There are also thousands of "tribute" videos people have made...some clumsily titled as "tributes to 9/11" by folks who don't mean to celebrate what occurred on that day. Most consist of stills and video clips edited against a properly somber record...often "Only Time" by Enya. (The first one I recall seeing online a little less than five years ago was this one. It's still quite moving and whoever assembled it did a helluva job.)
I watched a few of them last night and found myself getting alternately sad and angry. The sad part needs no explanation but perhaps the angry part does. The more I am reminded of the pain of that day, the more I resent the folks who've tried to manipulate its memory. No event in my lifetime (I'm 54) brought Americans together the way our shared suffering brought us together that day. It is appalling not only that this unity has been lost but that the emotions of 9/11 have been reconfigured to demonize one another. The worst kind of partisans have claimed 9/11 as a club to use against the other side. The same thing has happened with the Iraq War: If you don't see things my way and vote for my side, you must be objectively pro-terrorist, plus you hate America and pray for our troops to be killed.
That dung has always bothered me, but it never quite bothered me as much as it did last night when I was watching footage of the burning towers, still shots of innocent human beings plunging to their deaths and the pained agony of onlookers and family members. I kept thinking, "How did we get from this to where we are now?" I finally had to stop watching 9/11 videos and cleanse my video palate with stuff like this.
So I haven't picked out a video for tomorrow. If you have any nominations, let me have them...though I can't guarantee I'll be able to watch them all. It really depresses me that, as I read about this Path to 9/11 movie on ABC, some people seem to be trying to note the five year anniversary of that awful disaster by seeing how much blame they can pin on their political opponents.
Yesterday, we brought you the opening to the 1963 Casper cartoon show. Here's the ending, which is a bit sad until the last few bars of music. It's nowhere near as sad as the closing credits of the Linus the Lionhearted Show but it's still a bit depressing. Then again, the whole Casper franchise is about a dead child so maybe depressing is appropriate.

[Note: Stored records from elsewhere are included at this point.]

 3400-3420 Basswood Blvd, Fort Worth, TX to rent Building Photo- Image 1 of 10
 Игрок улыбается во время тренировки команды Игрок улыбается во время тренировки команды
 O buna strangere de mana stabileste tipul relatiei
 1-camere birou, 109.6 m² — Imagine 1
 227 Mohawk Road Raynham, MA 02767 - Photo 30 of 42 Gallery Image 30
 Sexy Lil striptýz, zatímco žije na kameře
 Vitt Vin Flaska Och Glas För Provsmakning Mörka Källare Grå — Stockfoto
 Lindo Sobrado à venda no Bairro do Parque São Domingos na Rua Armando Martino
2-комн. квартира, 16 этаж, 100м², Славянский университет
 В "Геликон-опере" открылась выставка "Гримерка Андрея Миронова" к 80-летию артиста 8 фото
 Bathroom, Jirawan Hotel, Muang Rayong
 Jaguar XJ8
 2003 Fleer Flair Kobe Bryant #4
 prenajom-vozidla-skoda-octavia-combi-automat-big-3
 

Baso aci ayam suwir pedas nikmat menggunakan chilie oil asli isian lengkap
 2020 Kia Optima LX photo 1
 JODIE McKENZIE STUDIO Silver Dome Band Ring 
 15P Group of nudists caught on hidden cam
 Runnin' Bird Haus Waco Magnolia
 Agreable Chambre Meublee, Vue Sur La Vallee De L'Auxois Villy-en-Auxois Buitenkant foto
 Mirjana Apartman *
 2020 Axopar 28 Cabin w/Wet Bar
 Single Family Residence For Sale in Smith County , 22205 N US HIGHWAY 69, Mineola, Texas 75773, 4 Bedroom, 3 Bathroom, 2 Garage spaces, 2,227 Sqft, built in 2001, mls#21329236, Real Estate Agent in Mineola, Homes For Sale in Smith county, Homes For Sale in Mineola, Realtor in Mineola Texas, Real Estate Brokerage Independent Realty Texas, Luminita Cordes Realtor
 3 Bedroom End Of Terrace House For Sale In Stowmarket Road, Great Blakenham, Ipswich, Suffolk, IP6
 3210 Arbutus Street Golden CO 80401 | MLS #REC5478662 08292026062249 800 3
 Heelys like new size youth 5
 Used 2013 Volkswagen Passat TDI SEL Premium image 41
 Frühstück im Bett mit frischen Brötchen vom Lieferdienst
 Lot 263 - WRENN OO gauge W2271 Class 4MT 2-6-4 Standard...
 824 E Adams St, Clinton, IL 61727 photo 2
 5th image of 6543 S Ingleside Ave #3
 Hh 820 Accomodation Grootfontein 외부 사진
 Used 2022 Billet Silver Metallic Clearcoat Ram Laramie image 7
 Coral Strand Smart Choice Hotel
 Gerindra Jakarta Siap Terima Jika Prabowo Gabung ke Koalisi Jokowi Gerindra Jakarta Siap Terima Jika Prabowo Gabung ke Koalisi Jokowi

Something dawned on me as I watched this. The premise of the Casper the Friendly Ghost cartoons was always that poor little Casper just wanted to have a friend...but he didn't fit in with the ghosts and witches of his world, and he scared away almost everyone he encountered in "our" world. Usually, at the end of each cartoon, he'd find someone who liked being around him...and then the next cartoon, he'd be right back to moping about, trying to find someone who wouldn't spot him, do a bad Tex Avery "take" and run screaming into the background painting.
Okay, that was the premise when they made a couple of theatrical cartoons per year. When he got into the comic books, he started making friends left and right: Wendy, Spooky, Nightmare, etc. Someone at Harvey Comics — and I have to presume this was a conscious thought — decided that the idea of Casper scaring away all potential friends would get monotonous. It would also make for a pretty depressing comic book...so they pulled that idea way back. Casper in the comics sometimes scared people but mostly, the stories were about a kid who was different from all the rest. Since we all feel different from everyone else when we're kids, there was a nice bit of reader identification going on there. My friends who had older siblings (I was an only child) all identified madly with the way Casper was picked on by The Ghostly Trio...and of course, adding in all those friends as a supporting cast created plot possibilities, to say nothing of spin-off comics.
All in all, it was a nice bit of retooling an animated property for the comic book page. And it sure was successful for a couple of decades there.
Before we roll the clip, I should mention: I said when I posted the opening that Norma McMillan was the voice of Davey on the kids' show, Davey and Goliath. Anthony Tollin reminds me that she was a voice of Davey and that Dick Beals — who's mentioned more often on this site than Donald Rumsfeld — was the original voice. Dick Beals would also make a much better Secretary of Defense than Donald Rumsfeld but that's beside the point.